» **What the task asks**: What you return should match the data below exactly, with no pictures in it.

» **Supplied data**:
....................
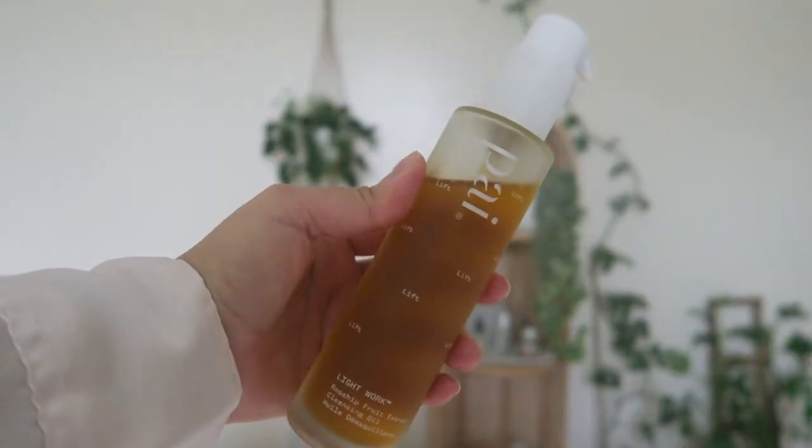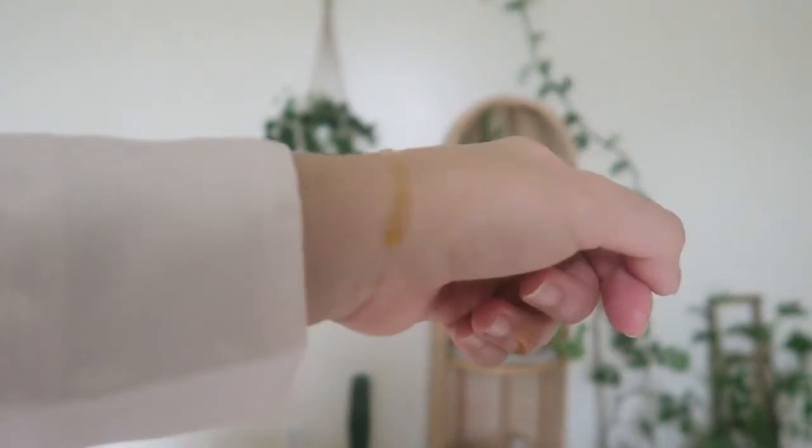Hi everyone, welcome back to another Detox Box unboxing. For this month I'm really impressed with what we've got, because the products from the ethical beauty brand is a brand I've been wanting to try for a while. I've watched other videos featuring the products and they really recommend it. It has pretty, elegant packaging. The ethical beauty brand featured this month was Pai Skincare — as you can see, the packaging is like a frosted glass type of container.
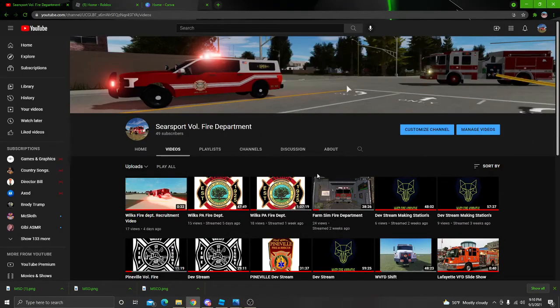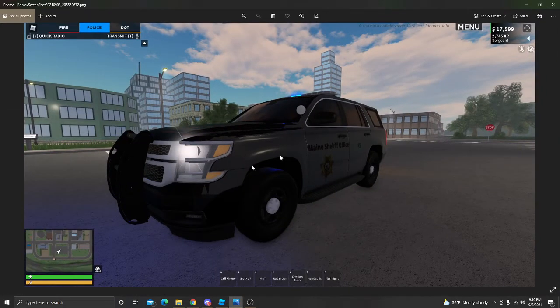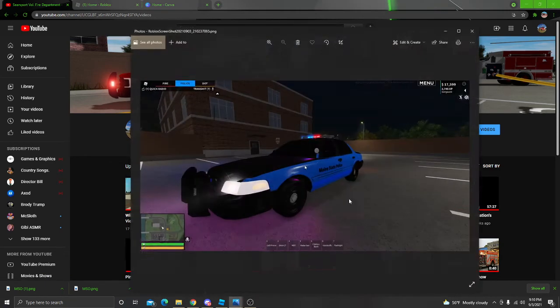Welcome back guys to another video. Today I'm going to be showing you some of the ERLC liveries that I made. Here's one of them — I call it MSO, which stands for Main Sheriff Office. I'm going to put the code, asset ID, and description in this video.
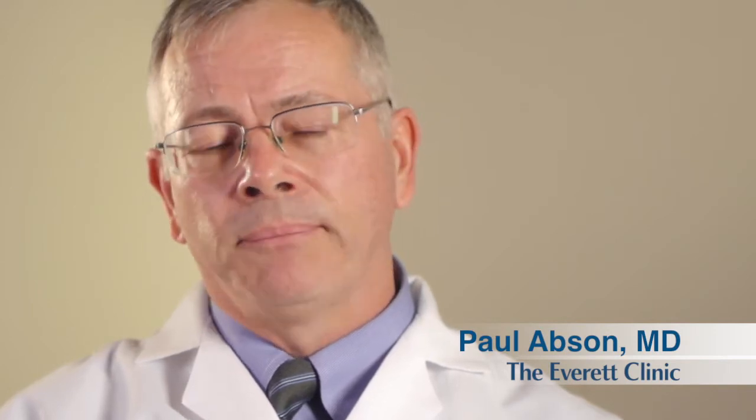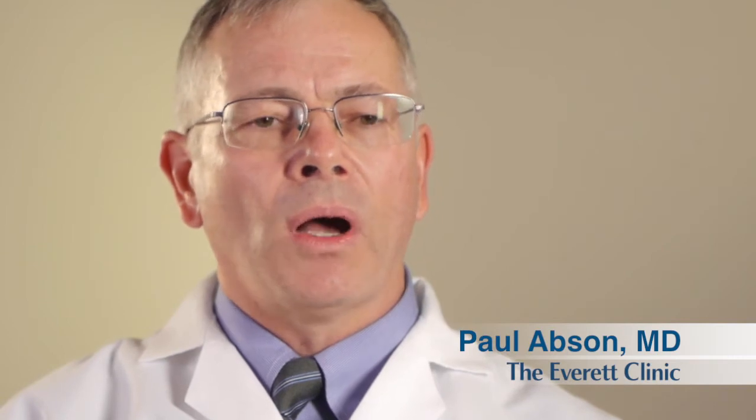After deciding whether the patient needs surgery, if they do, we have an outstanding outpatient surgical facility, which is really equal to any hospital-based operating room with anesthesiologists, very well-trained and highly professional nurses. Would I have surgery there or have a family member operated there? I say yes, I would — and yes, I have. I have no reservations about recommending the surgery center or the Everett Clinic.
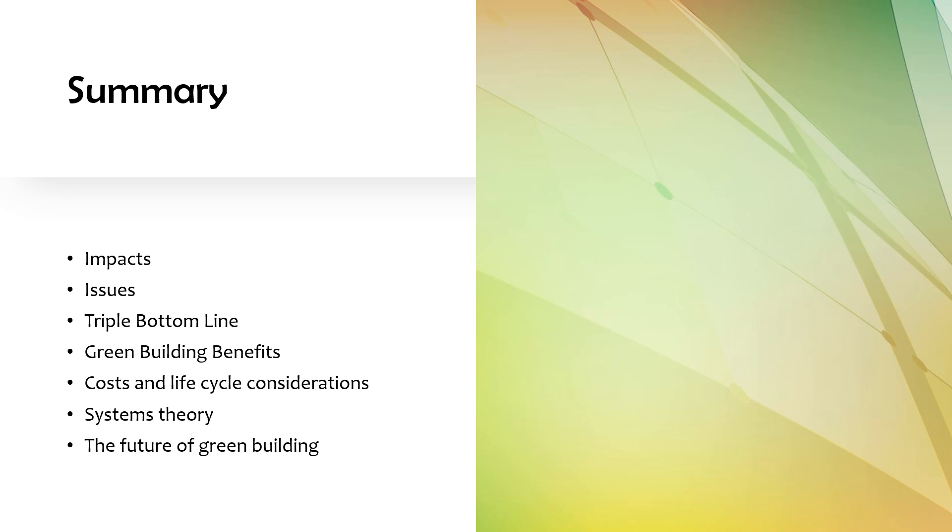In sum, this section on sustainability aspects has covered: the impacts of the built environment on the planet and on people, and the key problems driving the need for green building; the triple bottom line; the benefits of green building and how green buildings can address environmental and social issues; the costs of building green and how to consider those costs over the entire life of a building; systems theory; and the future of green building. Ask yourself what questions would be logical to include on a Green Associate test, think of scenarios that would call for a green solution, and consider what that solution would be. We'll be covering many of those strategies as we go through this video series.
....................
» **Written solution**:
Hi everyone, welcome back to another Detox Box unboxing. For this month I'm really impressed with what we've got, because the products from the ethical beauty brand is a brand I've been wanting to try for a while. I've watched other videos featuring the products and they really recommend it. It has pretty, elegant packaging. The ethical beauty brand featured this month was Pai Skincare — as you can see, the packaging is like a frosted glass type of container.
Welcome back guys to another video. Today I'm going to be showing you some of the ERLC liveries that I made. Here's one of them — I call it MSO, which stands for Main Sheriff Office. I'm going to put the code, asset ID, and description in this video.
After deciding whether the patient needs surgery, if they do, we have an outstanding outpatient surgical facility, which is really equal to any hospital-based operating room with anesthesiologists, very well-trained and highly professional nurses. Would I have surgery there or have a family member operated there? I say yes, I would — and yes, I have. I have no reservations about recommending the surgery center or the Everett Clinic.
In sum, this section on sustainability aspects has covered: the impacts of the built environment on the planet and on people, and the key problems driving the need for green building; the triple bottom line; the benefits of green building and how green buildings can address environmental and social issues; the costs of building green and how to consider those costs over the entire life of a building; systems theory; and the future of green building. Ask yourself what questions would be logical to include on a Green Associate test, think of scenarios that would call for a green solution, and consider what that solution would be. We'll be covering many of those strategies as we go through this video series.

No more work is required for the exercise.